◆ Aim of the exercise: Return only the lines running from the first line of the listing through the one with "A skin prick", unchanged.

◆ Stored data:
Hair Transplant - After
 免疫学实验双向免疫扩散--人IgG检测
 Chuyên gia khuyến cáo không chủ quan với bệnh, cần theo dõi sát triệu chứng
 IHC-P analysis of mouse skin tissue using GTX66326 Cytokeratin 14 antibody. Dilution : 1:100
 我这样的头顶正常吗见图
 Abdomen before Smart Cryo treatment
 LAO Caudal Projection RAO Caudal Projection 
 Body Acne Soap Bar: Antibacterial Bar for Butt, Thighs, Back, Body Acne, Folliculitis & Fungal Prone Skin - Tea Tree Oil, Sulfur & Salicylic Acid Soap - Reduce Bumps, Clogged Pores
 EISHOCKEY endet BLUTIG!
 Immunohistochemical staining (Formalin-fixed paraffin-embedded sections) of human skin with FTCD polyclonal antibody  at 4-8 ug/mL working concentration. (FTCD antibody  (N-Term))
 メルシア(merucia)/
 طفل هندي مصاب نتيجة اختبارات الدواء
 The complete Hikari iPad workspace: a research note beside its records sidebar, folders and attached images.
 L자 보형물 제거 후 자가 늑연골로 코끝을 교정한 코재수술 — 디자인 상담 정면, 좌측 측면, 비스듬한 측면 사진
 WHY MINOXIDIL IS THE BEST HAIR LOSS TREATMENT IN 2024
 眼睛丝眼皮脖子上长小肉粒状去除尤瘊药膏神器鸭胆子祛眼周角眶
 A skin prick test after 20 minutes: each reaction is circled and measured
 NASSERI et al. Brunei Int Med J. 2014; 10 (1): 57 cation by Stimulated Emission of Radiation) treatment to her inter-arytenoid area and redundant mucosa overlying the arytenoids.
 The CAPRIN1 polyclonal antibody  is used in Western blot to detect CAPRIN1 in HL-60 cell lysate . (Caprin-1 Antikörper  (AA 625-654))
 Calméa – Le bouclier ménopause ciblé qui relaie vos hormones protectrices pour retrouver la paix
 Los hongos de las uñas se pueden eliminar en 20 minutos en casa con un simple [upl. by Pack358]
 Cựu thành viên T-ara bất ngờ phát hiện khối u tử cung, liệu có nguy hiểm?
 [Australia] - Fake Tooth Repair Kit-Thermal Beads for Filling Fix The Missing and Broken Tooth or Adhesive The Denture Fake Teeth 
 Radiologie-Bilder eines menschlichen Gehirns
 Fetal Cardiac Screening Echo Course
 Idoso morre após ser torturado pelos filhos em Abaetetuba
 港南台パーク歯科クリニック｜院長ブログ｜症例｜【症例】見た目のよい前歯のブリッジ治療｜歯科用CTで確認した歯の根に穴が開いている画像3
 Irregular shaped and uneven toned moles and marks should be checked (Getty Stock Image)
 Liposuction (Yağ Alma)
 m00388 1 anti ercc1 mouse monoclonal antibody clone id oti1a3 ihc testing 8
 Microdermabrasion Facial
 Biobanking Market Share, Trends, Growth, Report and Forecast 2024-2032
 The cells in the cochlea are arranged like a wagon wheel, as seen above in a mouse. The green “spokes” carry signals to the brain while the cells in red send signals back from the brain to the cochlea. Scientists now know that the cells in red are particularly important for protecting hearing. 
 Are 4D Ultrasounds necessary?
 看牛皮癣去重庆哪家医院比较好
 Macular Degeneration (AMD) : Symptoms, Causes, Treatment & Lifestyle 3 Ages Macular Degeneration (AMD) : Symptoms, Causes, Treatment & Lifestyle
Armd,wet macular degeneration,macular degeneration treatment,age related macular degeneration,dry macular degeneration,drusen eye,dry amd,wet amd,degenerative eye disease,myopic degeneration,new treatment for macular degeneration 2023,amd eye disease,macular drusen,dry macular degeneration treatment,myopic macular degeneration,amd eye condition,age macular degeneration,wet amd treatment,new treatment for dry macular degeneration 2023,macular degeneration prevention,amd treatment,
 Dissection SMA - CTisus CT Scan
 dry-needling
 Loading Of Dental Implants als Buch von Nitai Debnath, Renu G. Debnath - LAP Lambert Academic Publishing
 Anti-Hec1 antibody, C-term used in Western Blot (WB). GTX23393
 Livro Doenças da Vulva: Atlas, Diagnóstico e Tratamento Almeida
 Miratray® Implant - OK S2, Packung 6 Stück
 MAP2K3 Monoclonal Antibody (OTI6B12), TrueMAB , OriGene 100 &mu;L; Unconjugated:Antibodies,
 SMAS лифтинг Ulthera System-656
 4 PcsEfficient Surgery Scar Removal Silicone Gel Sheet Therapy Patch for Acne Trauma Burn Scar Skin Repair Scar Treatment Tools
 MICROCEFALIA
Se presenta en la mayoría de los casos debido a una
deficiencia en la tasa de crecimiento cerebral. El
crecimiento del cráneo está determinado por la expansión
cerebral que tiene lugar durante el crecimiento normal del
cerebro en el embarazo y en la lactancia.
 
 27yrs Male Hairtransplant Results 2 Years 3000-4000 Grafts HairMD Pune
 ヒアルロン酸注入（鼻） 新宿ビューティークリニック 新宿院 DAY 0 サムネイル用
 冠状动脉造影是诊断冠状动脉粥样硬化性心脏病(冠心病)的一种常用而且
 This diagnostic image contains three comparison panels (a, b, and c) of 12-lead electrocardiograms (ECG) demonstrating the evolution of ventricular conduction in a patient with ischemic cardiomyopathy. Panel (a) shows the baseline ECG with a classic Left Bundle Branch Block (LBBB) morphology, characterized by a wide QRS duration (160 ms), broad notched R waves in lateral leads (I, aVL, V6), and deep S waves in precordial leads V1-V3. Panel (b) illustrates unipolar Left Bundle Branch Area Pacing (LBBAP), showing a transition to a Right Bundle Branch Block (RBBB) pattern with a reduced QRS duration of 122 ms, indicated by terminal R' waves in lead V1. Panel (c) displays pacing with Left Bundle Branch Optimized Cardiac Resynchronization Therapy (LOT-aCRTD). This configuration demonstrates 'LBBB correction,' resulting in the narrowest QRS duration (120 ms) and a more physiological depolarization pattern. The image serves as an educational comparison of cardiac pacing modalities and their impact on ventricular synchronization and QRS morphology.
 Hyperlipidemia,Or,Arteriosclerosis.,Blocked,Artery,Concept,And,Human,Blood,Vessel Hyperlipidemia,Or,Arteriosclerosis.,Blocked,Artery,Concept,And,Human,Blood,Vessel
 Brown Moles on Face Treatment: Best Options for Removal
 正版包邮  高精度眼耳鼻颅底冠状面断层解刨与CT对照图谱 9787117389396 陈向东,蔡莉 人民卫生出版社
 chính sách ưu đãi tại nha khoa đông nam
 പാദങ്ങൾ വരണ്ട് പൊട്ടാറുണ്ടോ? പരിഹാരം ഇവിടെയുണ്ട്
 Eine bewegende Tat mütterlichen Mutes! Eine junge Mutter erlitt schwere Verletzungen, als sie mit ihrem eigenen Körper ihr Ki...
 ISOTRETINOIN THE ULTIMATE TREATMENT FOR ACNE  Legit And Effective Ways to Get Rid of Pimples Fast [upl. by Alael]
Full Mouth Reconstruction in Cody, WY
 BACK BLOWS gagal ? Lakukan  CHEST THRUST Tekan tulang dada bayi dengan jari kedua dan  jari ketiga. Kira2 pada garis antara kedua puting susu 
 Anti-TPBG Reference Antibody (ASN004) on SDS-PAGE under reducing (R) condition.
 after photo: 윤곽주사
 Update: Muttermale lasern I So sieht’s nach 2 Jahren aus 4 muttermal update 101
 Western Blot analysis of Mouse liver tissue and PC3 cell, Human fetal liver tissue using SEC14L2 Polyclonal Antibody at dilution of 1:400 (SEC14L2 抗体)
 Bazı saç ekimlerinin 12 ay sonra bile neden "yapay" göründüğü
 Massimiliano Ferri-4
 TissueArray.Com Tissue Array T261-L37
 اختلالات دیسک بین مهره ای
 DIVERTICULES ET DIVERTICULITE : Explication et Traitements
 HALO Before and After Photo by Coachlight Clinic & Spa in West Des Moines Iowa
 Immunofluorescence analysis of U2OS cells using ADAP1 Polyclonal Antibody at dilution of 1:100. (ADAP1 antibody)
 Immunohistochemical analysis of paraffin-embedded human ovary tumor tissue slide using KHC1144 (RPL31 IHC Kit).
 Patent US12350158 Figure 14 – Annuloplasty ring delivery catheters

◆ Result for this task:
Hair Transplant - After
 免疫学实验双向免疫扩散--人IgG检测
 Chuyên gia khuyến cáo không chủ quan với bệnh, cần theo dõi sát triệu chứng
 IHC-P analysis of mouse skin tissue using GTX66326 Cytokeratin 14 antibody. Dilution : 1:100
 我这样的头顶正常吗见图
 Abdomen before Smart Cryo treatment
 LAO Caudal Projection RAO Caudal Projection 
 Body Acne Soap Bar: Antibacterial Bar for Butt, Thighs, Back, Body Acne, Folliculitis & Fungal Prone Skin - Tea Tree Oil, Sulfur & Salicylic Acid Soap - Reduce Bumps, Clogged Pores
 EISHOCKEY endet BLUTIG!
 Immunohistochemical staining (Formalin-fixed paraffin-embedded sections) of human skin with FTCD polyclonal antibody  at 4-8 ug/mL working concentration. (FTCD antibody  (N-Term))
 メルシア(merucia)/
 طفل هندي مصاب نتيجة اختبارات الدواء
 The complete Hikari iPad workspace: a research note beside its records sidebar, folders and attached images.
 L자 보형물 제거 후 자가 늑연골로 코끝을 교정한 코재수술 — 디자인 상담 정면, 좌측 측면, 비스듬한 측면 사진
 WHY MINOXIDIL IS THE BEST HAIR LOSS TREATMENT IN 2024
 眼睛丝眼皮脖子上长小肉粒状去除尤瘊药膏神器鸭胆子祛眼周角眶
 A skin prick test after 20 minutes: each reaction is circled and measured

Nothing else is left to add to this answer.